Forum for Science, Industry and Business

Sponsored by:     3M 
Search our Site:

 

ESA studies the Sun-Earth climate link

23.08.2002


Meteorologists can no longer view the Earth as an isolated system. Both long-term climate changes and day-to-day weather show links with the Sun`s activity. Scientists therefore study the nature of those links intensely. With data from ESA`s spaceprobes SOHO, Cluster, and Ulysses, we now have the information we need to solve the mystery of how the Sun`s activity affects the climate here on Earth. This study is the first step in setting up a new type of weather forecast - the space-weather bulletin.



For the Sun to affect the Earth`s weather, the Sun`s behaviour must vary in some way. At visible wavelengths, however, the Sun is remarkably constant. Satellite data show that there are dramatic changes going on beyond this narrow range. For example, the Sun emits a `wind` of charged particles and we know that this wind is variable. The ultraviolet radiation released by the Sun also varies. Studying the interaction between solar variability and the Earth environment is a science known as `space weather`.

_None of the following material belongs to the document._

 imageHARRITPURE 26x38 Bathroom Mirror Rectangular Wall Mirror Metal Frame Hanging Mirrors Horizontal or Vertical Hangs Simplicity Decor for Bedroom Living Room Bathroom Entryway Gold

This solar variability is caused by the ever-changing magnetic behaviour of the Sun. The Sun`s magnetic behaviour changes on an 11-year cycle, passing from `solar minimum` to `solar maximum`. At the peak of this cycle, one of which occurred last year, the solar wind is stormy because explosions on the Sun`s surface catapult particles outwards with an increased intensity. The energy released during such explosions can be up to one thousand million megatonnes (or 66 thousand million times the energy released by the Hiroshima atomic bomb). Such events are also the source of the variable ultraviolet emissions.
ESA`s solar fleet is observing these phenomena very carefully and from several points in space. The joint ESA/NASA spaceprobe, the Solar and Heliospheric Observatory (SOHO), is constantly watching the Sun, monitoring this activity. The solar wind gusts buffet the magnetic field of the Earth. ESA`s quartet of satellites, Cluster, monitors these effects close to Earth while Ulysses patrols the Sun in a tilted orbit, well away from the plane of the planets, to get a more `global` view of the solar wind.



These data, linked with meteorological and other data, are an invaluable source of information to study the Sun`s effects on the Earth. "All the data is being archived and made available to the science community," says Alexi Glover, one of the space-weather team at ESA`s ESTEC organisation in the Netherlands. SOHO has been designed to work for 3 years. "If SOHO keeps going for another four or five years, we`ll have a whole solar cycle`s worth of consistent data. That would be invaluable."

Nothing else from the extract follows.